Supplied material.
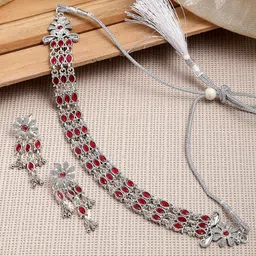 Kennice Silver Plated Kundan Studded Jewellery Set-image-5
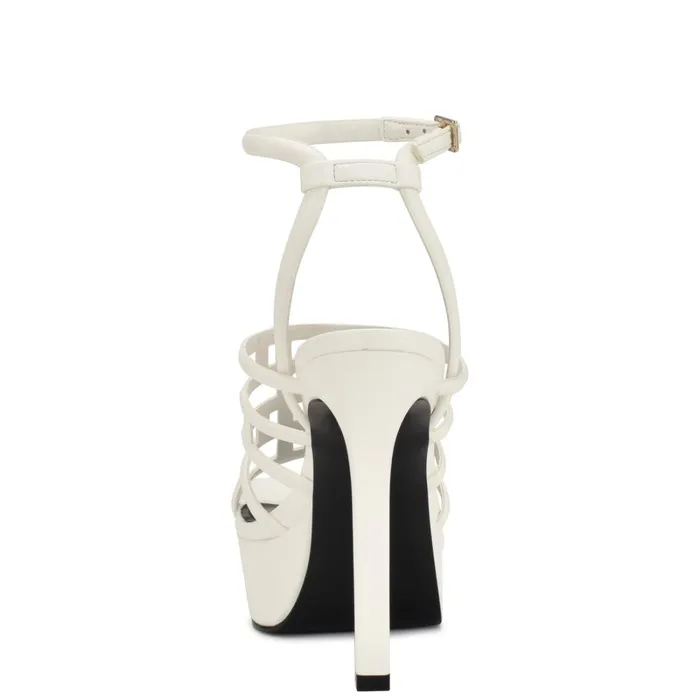 Kelinda Ankle Strap Platform Sandals White Women Nine West Dress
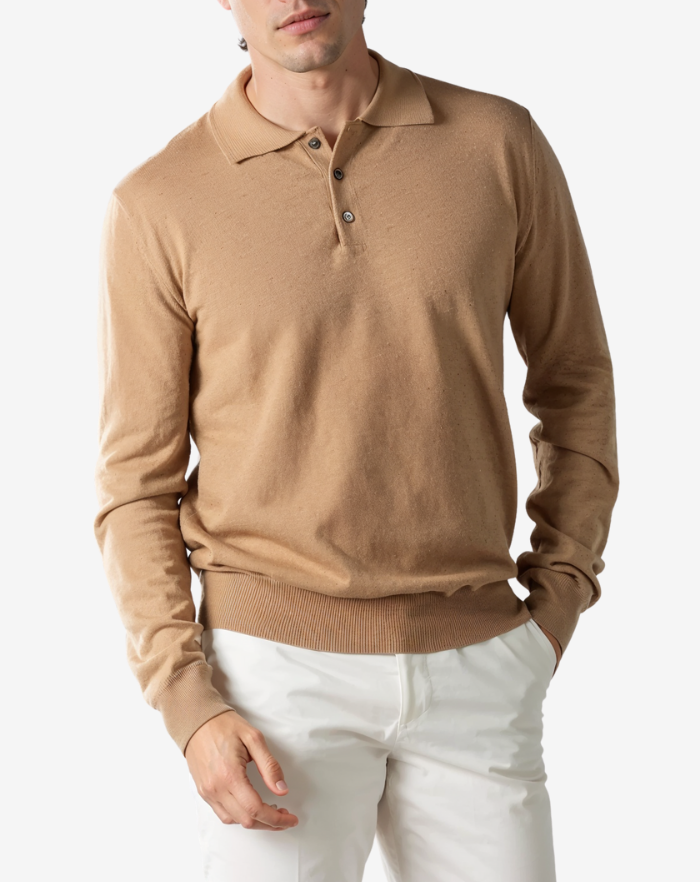 The Beige Extrafine Merino Polo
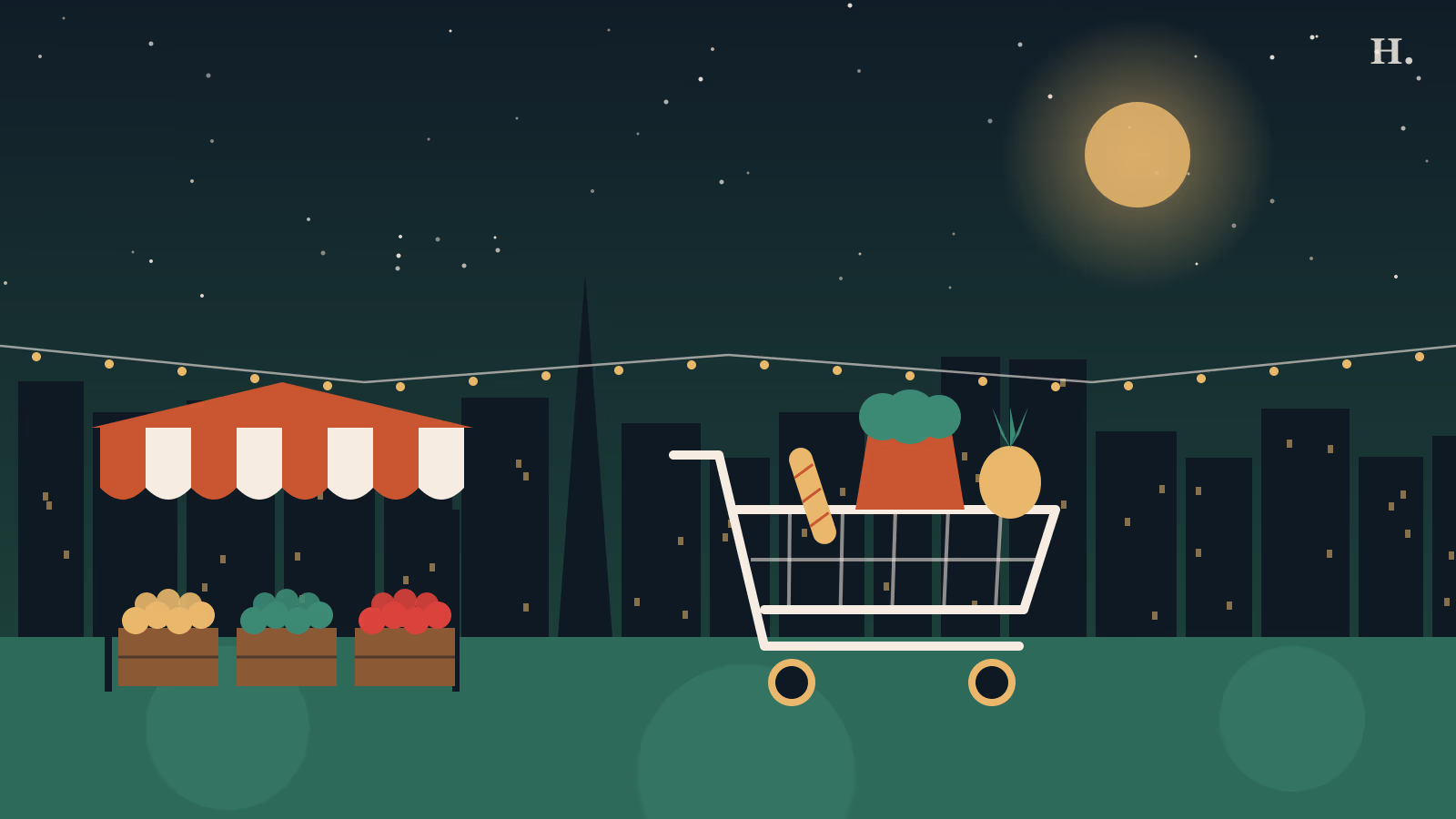 Grocery store Houston illustration: a shopping cart and produce stand under the night skyline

What is expected. Restate the data word for word, minus any images.

Solution to this exercise.
 Kennice Silver Plated Kundan Studded Jewellery Set-image-5
 Kelinda Ankle Strap Platform Sandals White Women Nine West Dress
 The Beige Extrafine Merino Polo
 Grocery store Houston illustration: a shopping cart and produce stand under the night skyline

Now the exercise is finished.